Jack Reacher (Grade: C-)
Jack Reacher is most easily defined by what both the character and film are not. As the question of who this ex-army civilian ghost is arises throughout Christopher McQuarrie’s movie, thinking through just what Tom Cruise’s portrayal is, well, reaching for begs to be addressed. He isn’t an action hero, nor a true vigilante, nor is he an enigma like Jason Bourne. He is, above all else, dull.
An adaptation of Lee Child’s novel, ex-army police officer, Jack Reacher (Cruise), is summoned by a man who has just committed a random mass shooting. (For the record, mass shootings in the United States “require” four deaths.) Suspecting he might be innocent, Reacher and the shooter’s lawyer, Helen (Rosmund Pike), team up and uncover shading dealings.
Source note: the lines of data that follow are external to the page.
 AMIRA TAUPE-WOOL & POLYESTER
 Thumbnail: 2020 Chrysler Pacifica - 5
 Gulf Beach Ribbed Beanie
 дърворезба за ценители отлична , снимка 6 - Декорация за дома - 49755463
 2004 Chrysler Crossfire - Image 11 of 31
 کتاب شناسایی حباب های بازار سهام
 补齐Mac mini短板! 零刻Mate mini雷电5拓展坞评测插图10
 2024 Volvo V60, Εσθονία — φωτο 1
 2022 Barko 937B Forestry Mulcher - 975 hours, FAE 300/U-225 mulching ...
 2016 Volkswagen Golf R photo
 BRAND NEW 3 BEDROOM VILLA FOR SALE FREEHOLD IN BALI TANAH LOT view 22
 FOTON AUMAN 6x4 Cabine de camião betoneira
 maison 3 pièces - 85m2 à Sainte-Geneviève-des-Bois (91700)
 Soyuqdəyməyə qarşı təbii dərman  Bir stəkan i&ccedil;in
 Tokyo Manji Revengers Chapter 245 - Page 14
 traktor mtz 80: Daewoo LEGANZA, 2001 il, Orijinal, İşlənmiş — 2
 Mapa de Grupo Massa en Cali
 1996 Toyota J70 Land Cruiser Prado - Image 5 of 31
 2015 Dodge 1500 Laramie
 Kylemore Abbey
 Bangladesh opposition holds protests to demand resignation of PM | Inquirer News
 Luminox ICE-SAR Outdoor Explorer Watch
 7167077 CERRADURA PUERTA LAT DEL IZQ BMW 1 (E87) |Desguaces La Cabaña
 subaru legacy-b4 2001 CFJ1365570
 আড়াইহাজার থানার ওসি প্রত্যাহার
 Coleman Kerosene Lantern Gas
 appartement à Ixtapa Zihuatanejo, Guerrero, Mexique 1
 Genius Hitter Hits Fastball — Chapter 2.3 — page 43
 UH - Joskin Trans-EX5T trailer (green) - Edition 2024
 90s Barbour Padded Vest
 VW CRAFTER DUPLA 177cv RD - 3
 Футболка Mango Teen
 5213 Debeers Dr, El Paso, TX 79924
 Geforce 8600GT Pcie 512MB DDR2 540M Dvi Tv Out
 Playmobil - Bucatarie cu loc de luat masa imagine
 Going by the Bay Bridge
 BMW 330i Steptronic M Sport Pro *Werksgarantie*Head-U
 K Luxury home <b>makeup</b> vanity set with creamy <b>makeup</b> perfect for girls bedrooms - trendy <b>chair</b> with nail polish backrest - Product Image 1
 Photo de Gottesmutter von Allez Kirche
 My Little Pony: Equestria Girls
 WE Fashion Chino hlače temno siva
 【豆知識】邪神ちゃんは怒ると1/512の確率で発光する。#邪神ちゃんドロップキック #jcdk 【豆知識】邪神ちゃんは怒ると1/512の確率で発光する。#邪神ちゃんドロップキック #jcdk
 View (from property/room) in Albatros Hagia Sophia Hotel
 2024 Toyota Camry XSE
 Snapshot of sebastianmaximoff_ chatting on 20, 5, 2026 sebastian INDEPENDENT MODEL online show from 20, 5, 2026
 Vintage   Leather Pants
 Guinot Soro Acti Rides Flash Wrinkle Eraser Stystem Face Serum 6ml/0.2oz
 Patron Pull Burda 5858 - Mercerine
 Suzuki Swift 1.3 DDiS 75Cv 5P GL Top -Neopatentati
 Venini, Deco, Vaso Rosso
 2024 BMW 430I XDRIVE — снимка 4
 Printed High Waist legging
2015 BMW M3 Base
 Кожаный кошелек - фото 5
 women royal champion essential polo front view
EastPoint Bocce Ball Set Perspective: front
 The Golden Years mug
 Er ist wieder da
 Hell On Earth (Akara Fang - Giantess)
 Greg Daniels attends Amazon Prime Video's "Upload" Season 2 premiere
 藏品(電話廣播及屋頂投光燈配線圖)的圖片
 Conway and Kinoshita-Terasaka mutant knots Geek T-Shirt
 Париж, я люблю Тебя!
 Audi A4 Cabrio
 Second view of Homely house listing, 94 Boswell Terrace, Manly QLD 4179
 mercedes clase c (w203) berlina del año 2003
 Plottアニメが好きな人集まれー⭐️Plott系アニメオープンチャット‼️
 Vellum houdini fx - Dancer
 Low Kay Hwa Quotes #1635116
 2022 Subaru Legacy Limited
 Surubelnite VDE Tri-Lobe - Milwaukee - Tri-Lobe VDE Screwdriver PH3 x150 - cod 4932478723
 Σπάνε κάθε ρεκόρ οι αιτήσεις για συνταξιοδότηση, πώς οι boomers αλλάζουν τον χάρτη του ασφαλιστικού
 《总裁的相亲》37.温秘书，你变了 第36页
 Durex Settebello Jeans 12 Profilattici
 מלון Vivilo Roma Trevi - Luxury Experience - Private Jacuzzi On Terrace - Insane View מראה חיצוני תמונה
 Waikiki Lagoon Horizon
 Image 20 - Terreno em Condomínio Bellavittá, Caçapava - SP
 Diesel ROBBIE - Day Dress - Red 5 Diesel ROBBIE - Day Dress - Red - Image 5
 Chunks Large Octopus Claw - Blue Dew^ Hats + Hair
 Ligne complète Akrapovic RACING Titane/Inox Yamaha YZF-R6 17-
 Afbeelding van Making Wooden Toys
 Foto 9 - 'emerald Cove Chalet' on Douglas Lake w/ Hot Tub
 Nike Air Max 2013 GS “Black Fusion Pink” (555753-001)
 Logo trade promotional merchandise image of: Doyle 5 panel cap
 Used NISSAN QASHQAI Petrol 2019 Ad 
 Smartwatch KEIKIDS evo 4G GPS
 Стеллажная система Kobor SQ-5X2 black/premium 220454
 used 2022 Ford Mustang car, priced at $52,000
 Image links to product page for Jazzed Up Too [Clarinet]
Glacial in pace, all tension is undone by sheer boredom, made more unbearable by the television style writing of exposition, flash-back, more exposition. (Fraternities might find a use in the film by creating a drinking game where one takes a shot every time someone says “Jack Reacher,” though it would be difficult to make it outside of the first twenty minutes with a functioning liver.) Though the film clearly strives to place itself in the company of 1970s gritty crime thrillers or any Clint Eastwood film—the lone man left to enact justice on his terms after society fails him—Reacher constantly folds himself back into the social order he supposedly disdains. Living off the grid, Reacher may have chosen to extract himself from the world around him to be unburden—observing people staring into monitors working late, he asks: “Are they really free?”—but he never truly cuts the ties. Like so many films of late that seek to recreate that harden 1970s feel, in the end the supposed anti-hero turns out to be the hero through and through. It’s not nuance so much as it is having it both ways, begging the question: Where have all the good misanthropes gone?
Had Jack Reacher been 45 minutes shorter, it might have made its way into the realm of camp classic, hinging solely on the gem that is Werner Herzog. The German director who was shot in the stomach during an interview and once ate his own shoe, Herzog is an object of curiosity who both indulges in and shapes a persona of the bizarre. His appearance then as a villain in a Tom Cruise production is as predictable as it is unexpected. As the fingerless evil Eastern Bloc specter The Zec, he demands those who cross him chew off their own digits. But most importantly, he does so with conviction. The same most certainly can’t be said of the film as a whole.